Segment Start: DATA SHOWN

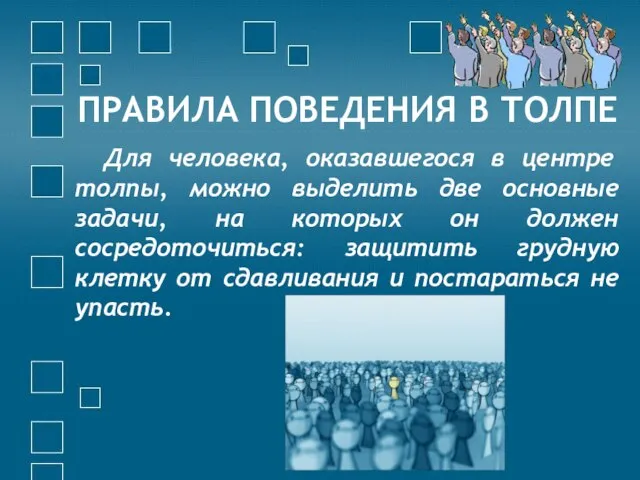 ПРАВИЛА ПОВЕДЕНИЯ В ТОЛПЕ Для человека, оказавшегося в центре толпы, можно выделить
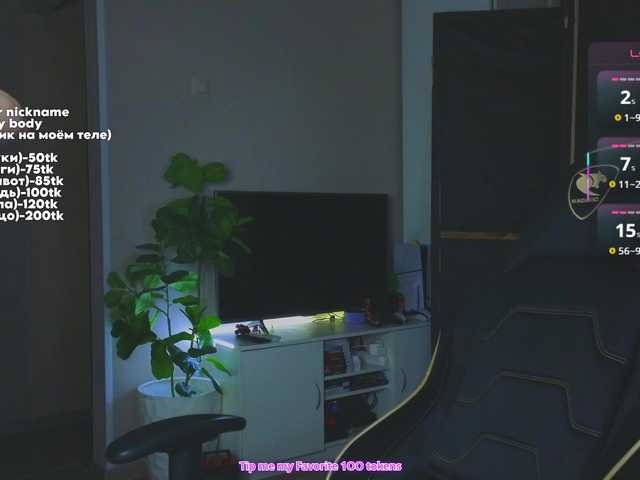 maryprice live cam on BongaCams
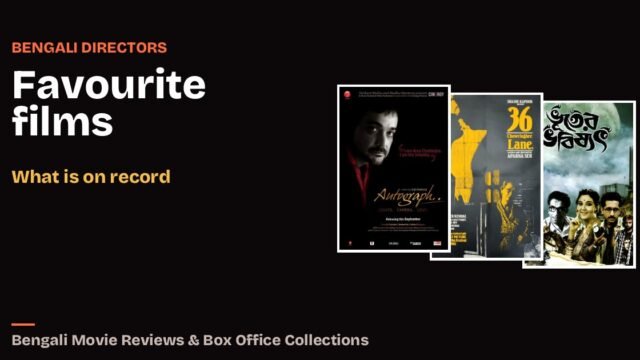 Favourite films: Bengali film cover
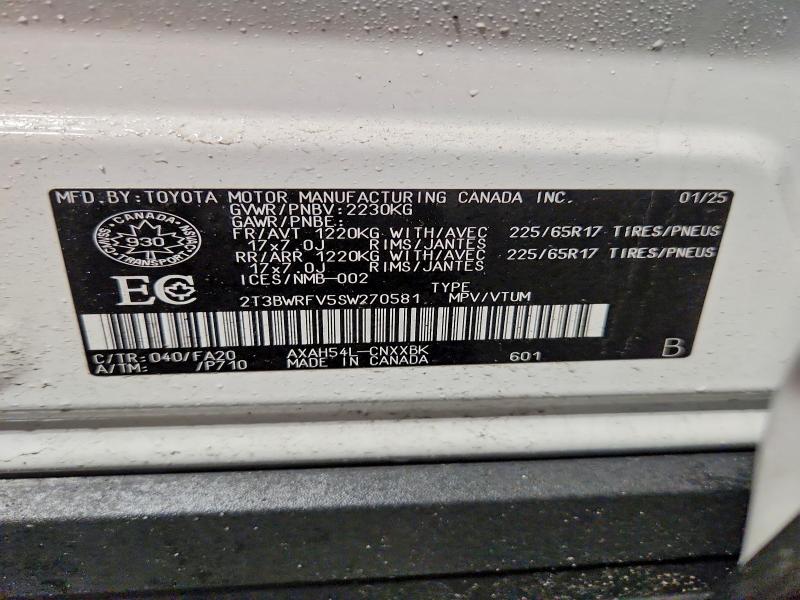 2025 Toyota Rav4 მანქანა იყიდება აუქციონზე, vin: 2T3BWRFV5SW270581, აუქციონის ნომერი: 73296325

Segment End: DATA SHOWN

*YOUR GOAL*
Exact repetition of the material above is required, with the images removed.

*WRITTEN RESPONSE*
 ПРАВИЛА ПОВЕДЕНИЯ В ТОЛПЕ Для человека, оказавшегося в центре толпы, можно выделить
 maryprice live cam on BongaCams
 Favourite films: Bengali film cover
 2025 Toyota Rav4 მანქანა იყიდება აუქციონზე, vin: 2T3BWRFV5SW270581, აუქციონის ნომერი: 73296325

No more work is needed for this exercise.